Panel Paper: Is College STEM Education in Crisis?: Diversified Instructor Profiles and Student Academic Outcomes

Thursday, November 2, 2017
Gold Coast (Hyatt Regency Chicago)

*Names in bold indicate Presenter

Di Xu, University of California, Irvine and Xiaotao Ran, Columbia University


Due to decline in public financing for higher education, colleges have been motivated to increasingly rely on non-tenure track faculty partly by cost-containment and partly by flexibility since adjuncts, especially part-timers can be relatively easily increased or decreased. Yet, typically hired into temporary positions and most often with only part-time employment, adjunct instructors have been found to face various challenges in interacting with students regularly, providing important information, engaging and motivating students. However, due to data limitation, whether the limitations with temporary faculty may translate into any negative effect on student college persistence and longer-term labor market outcomes remains an unanswered question.

Our study begins to shed light on these issues by using a novel dataset that links student college transcript and enrollment records with detailed instructor information teaching each course in an entire state higher education system including all public four-year and two-year colleges. This administrative dataset is further linked to unemployment insurance data which enables us to track student labor market performance up to eight years after a student’s initial college enrollment. To examine the possible influence of different instructors on college persistence and labor market performance, we conduct a student-level analysis that relates the proportion of course credits taken with different types of instructors during a student’s initial year in college to his/her probability of withdrawing from college by the end of first year, as well as average annual earnings at the 6th, 7th, and 8th year post initial college enrollment. To minimize bias from student self-selection into courses taught by different types of instructors, we use a course-set fixed effect model that compares between students who take exactly the same set of courses in their first year of enrollment; we further augment the course-set fixed effects model by combing it with an instrumental approach which exploits term-by-term fluctuations of faculty composition in each department as an instrument for the proportion of credits taken with different types of instructors, therefore controlling for both between- and within- course sorting.

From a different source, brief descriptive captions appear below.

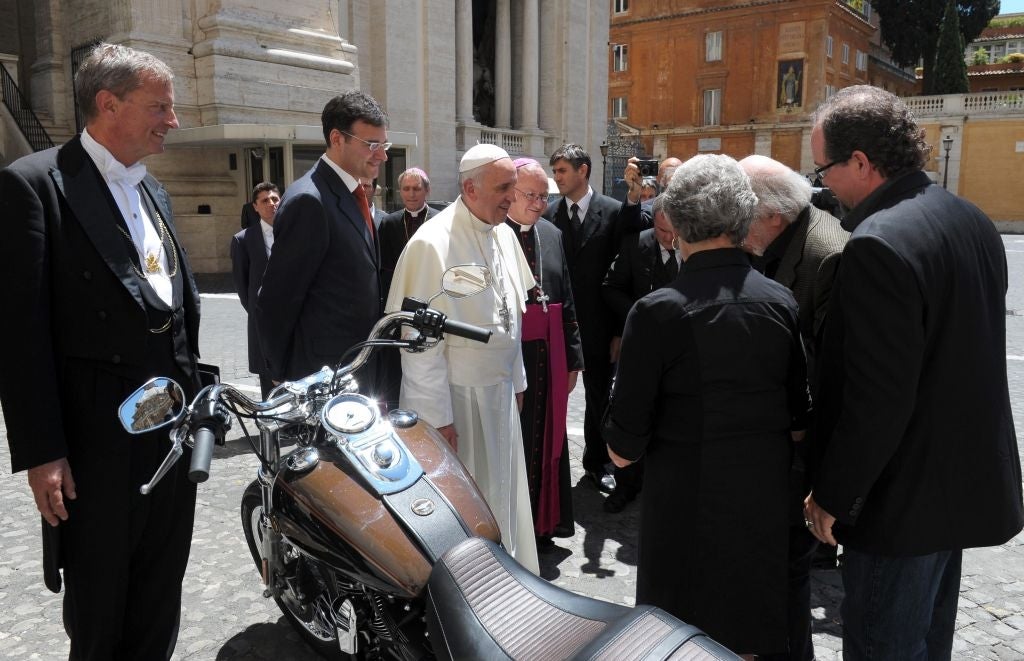 Pope Francis being presented with a Harley Davidson Dyna Super Glide motorcycle in Vatican City, the Vatican, 12 June 2013.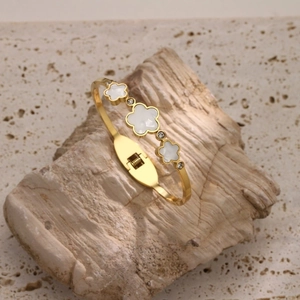 Detail of gold titanium steel bangle with shell flower charms and zircon stones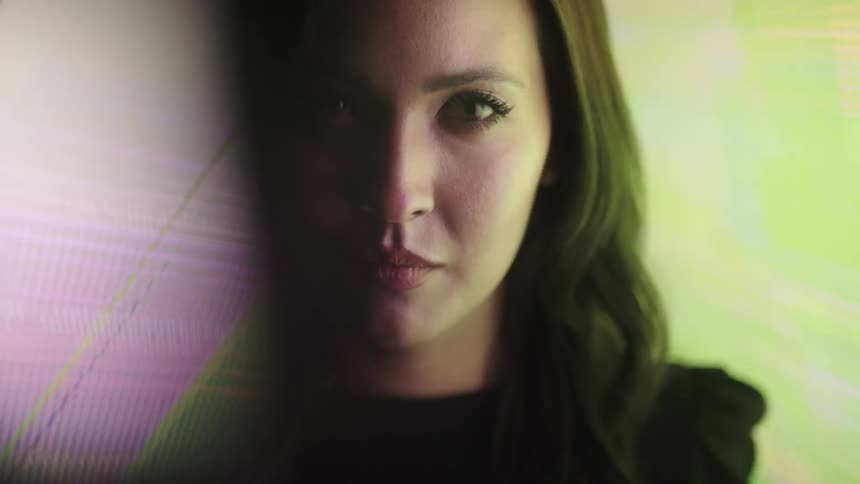 A young woman sits in a dark room deep in thought with a large monitor screen behind her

Using detailed data on faculty contractual form, we are able to distinguish between temporary and long-term non-tenure track faculty and therefore divide all faculty into three groups: i) temporary adjuncts, ii) long-term non-tenure track, and iii) tenure-track/tenured. Our results indicate that both two-year and four-year colleges heavily rely on non-tenure track faculty: In two-year colleges, all first-year courses are taught by non-tenure track faculty, where around 55% of the total first-year course enrollments are with temporary adjuncts; in four-year colleges, around 43% of first-year course enrollments are with long-term non-tenure track faculty and 22% with temporary adjunct faculty. Results from the IV strategy with course-set fixed effects show an overall negative correlation between the proportion of first-year credits taken with non-tenure track faculty and students’ probability of persisting in college after their first year. Such negative association is particularly stronger among temporary adjuncts than long-term non-tenure faculty. However, no significant impact is identified in terms of earnings.